**Aim of the task**
Taking only the lines of the data below from the line with "A neatly made" to the line with "View footage of frying in boiling hot oil", ends included, write them out exactly and without pictures.

**Data supplied**
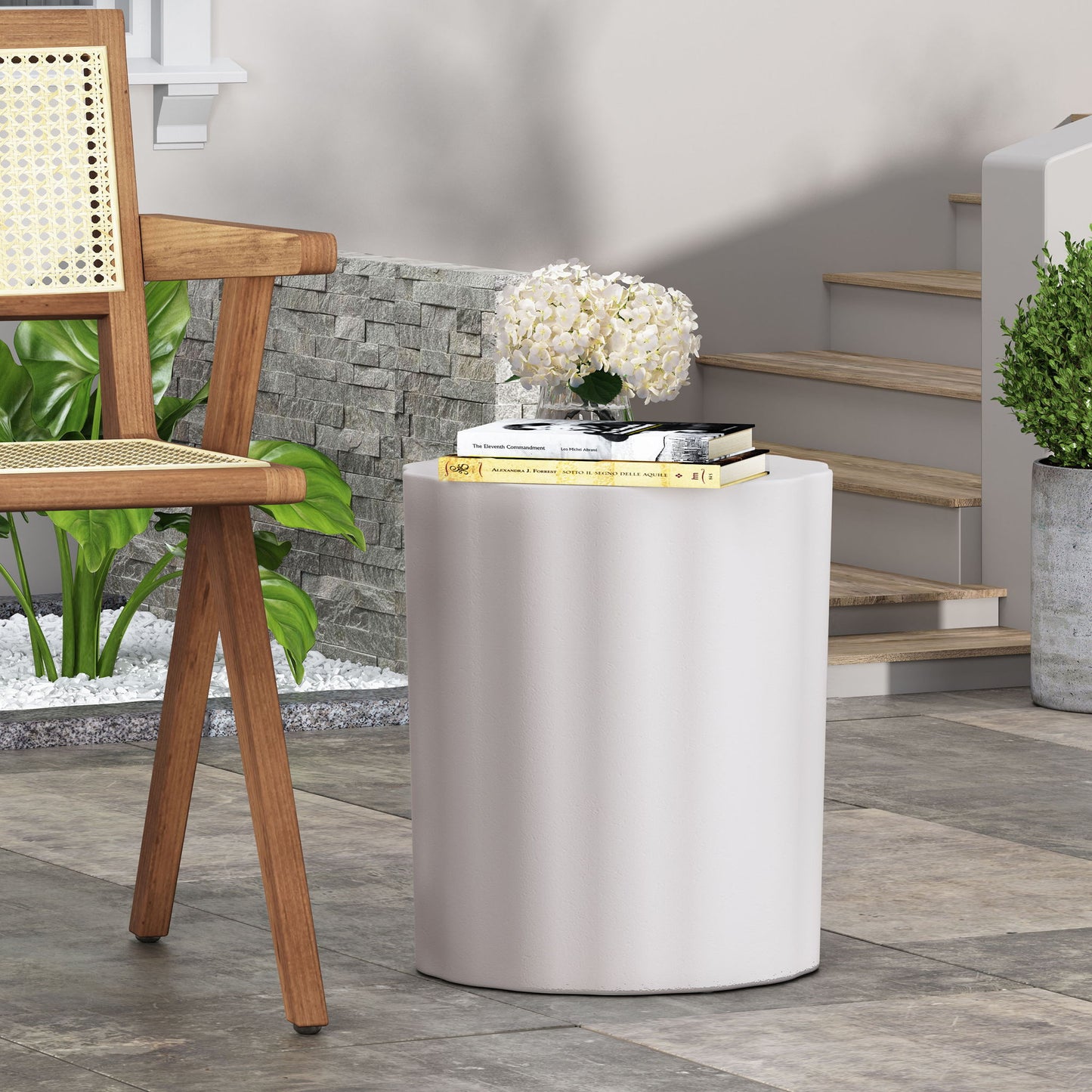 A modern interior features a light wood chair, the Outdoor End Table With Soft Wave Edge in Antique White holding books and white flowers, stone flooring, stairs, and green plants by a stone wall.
---
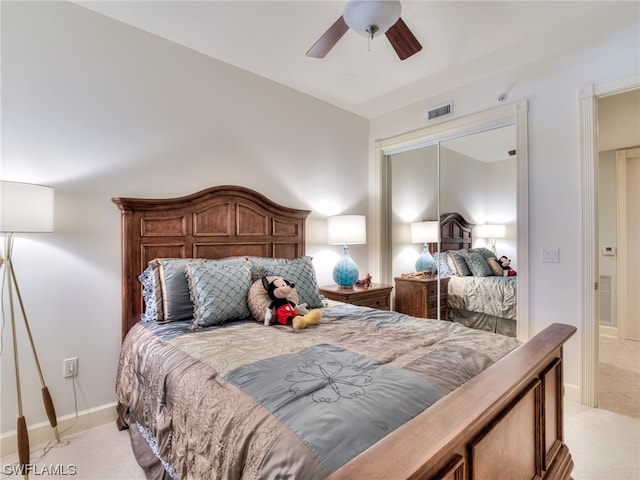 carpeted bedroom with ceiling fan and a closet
---
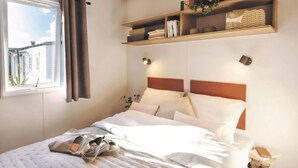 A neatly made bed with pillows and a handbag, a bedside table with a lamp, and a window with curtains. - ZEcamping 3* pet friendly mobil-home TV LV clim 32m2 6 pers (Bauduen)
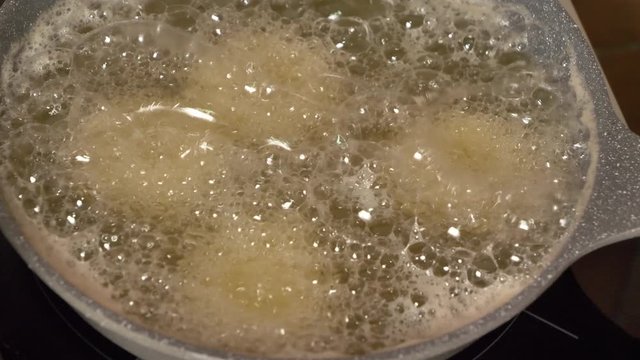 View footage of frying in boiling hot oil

**Your response**
 A neatly made bed with pillows and a handbag, a bedside table with a lamp, and a window with curtains. - ZEcamping 3* pet friendly mobil-home TV LV clim 32m2 6 pers (Bauduen)
 View footage of frying in boiling hot oil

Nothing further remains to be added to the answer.